Morale della favolosa: tutto bello, ma molto “so what?”. Il Pride è stato un mondo di persone, il che butta bene per parlare della varietà d’amore come una normalità. Un sacco di donne (mi ricordo quando le lesbiche in corteo erano 4, adesso sono migliaia e anche favolose!). Ho visto bandiere dell’arcobaleno con la stella di David, bellissime. In risposta alla richiesta di sobrietà della Luxuria (da che pulpito!), non ho visto neanche una -e dico una!- tetta fuori (a parte quelle a forma di palloncino sul camion delle adorabili ragazze di LezPop). Milano è sobria di suo e i fotografi dovevano proprio cercare qualche ragazza scollacciata o qualche abito particolare. Era un po’ festa dell’Esselunga in versione Centro Sociale.
Ma il fatto di vivere in un Paese dove comandano ipocrisia e Vaticanal ha portato a un passaggio generazionale senza passaggio di informazione e senza figure di riferimento culturale forti. Già i giovani – di ogni orientamento sessuale e ogni cultura – sono convinti di aver inventato il mondo loro e quindi ci troviamo la Microsoft in corteo e Scalfarotto in Parlamento. e il Pride è una festa palliativo. Va bene così, sempre meglio di quando il Pride fummo costretti a farlo chiusi nel Cinema Cristallo perché il Comune non ci concesse Parco Ravizza. ma spero che questa marea umana trovi direzioni mature in cui esprimersi, ne abbiamo tutti bisogno.

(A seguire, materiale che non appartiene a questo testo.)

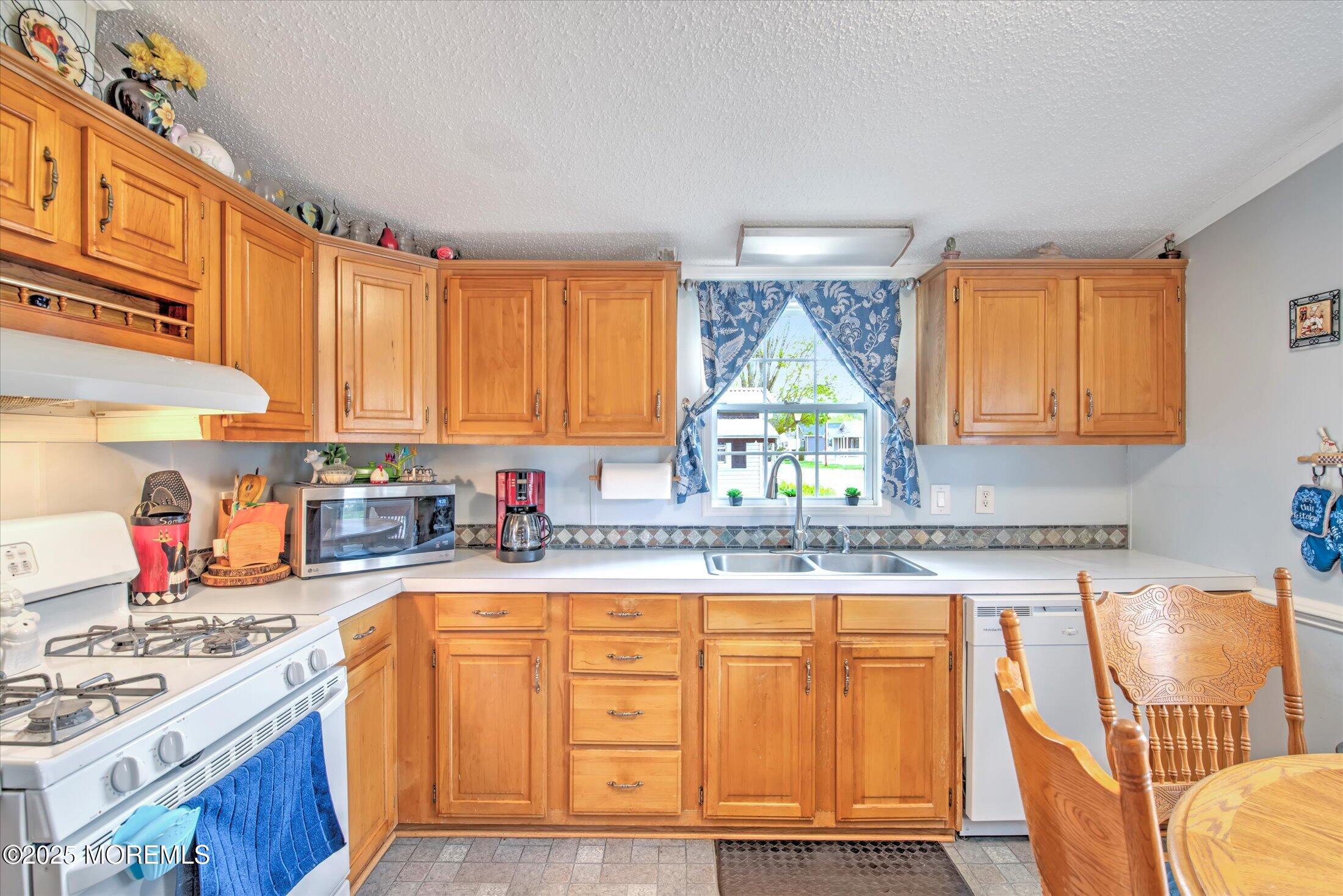 38 Village Road Morganville, NJ 07751 - Photo 14 of 20 a kitchen with granite countertop a stove a sink and dishwasher wooden cabinets with wooden floor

Un ultimo pensiero che aggiungo è per Mario Mieli, nostro ex concittadino che ho visto passare in fotografia su un carro di SI (credo sia Sinistra Italiana) con un bel foulard in testa, di quelli che rubava alla madre come le collane di perle che poi si metteva per andare in giro per la città in bicicletta. Chissà cosa avrebbe pensato di questa manifestazione, un poligono ormai talmente irregolare che qualunque lato potrebbe consentire una critica, e figuriamoci ad una figura polemica come lui.

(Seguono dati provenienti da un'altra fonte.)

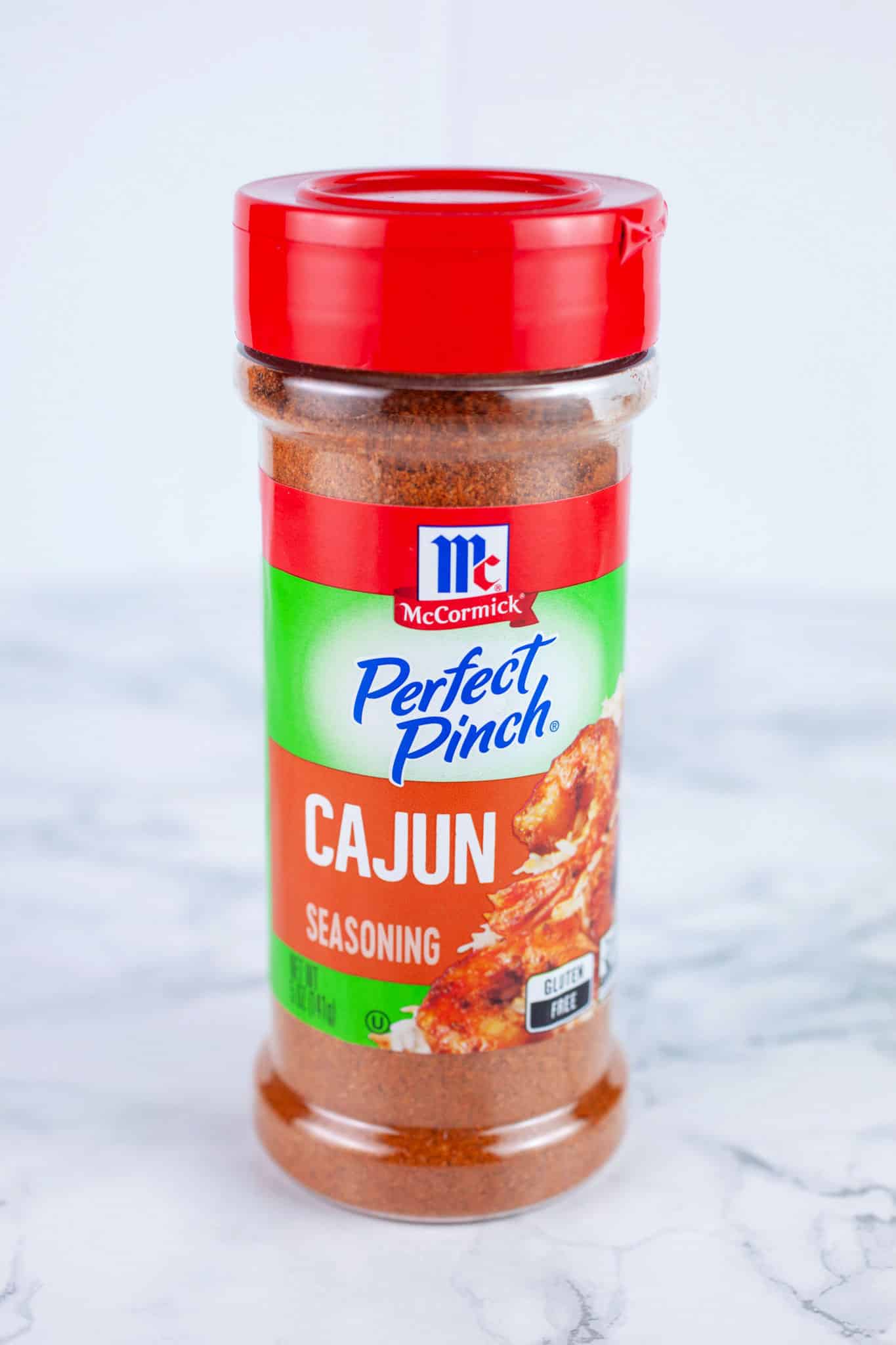 Bottle of Cajun seasoning on white surface.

Con tutti i suoi limiti Mario è stato per me una figura di riferimento e rispetto a lui e altri sono già di seconda generazione nella comunità (che ormai dobbiamo constatare esiste). Senz’altro a Mario sarebbe piaciuta la presenza di così tanti ragazzi di colore. Giusto a sfatare il fatto che in Africa l’omosessualità non esiste e la considerazione necessaria che se liberazione esiste è necessariamente collettiva (metà di loro saranno immigrati), per tutta la specie Homo Sapiens. Nel camion della spazzatura che puliva la strada a fine corteo c’erano poi bottigliette rosa shocking (chissà a cosa avrebbero dovuto servire), con la scritta “a Sylvia Rivera”.
Sylvia Rivera è la trans che iniziò la rivolta di Stonewall, New York, il 28 giugno di un po’ di anni fa. Tirò la scarpa alla Polizia che perquisiva il locale Stonewall Inn. Qualcosa di noi magari resta. E oggi la Polizia chiudeva senza problemi il pacifico corteo. Dobbiamo partecipare al corso delle cose e ciascuno porti il suo contributo. Dobbiamo rispondere alla domanda che qualche anno fa misi su una maglietta che creai: “i tempi che corrono, dove vanno?”.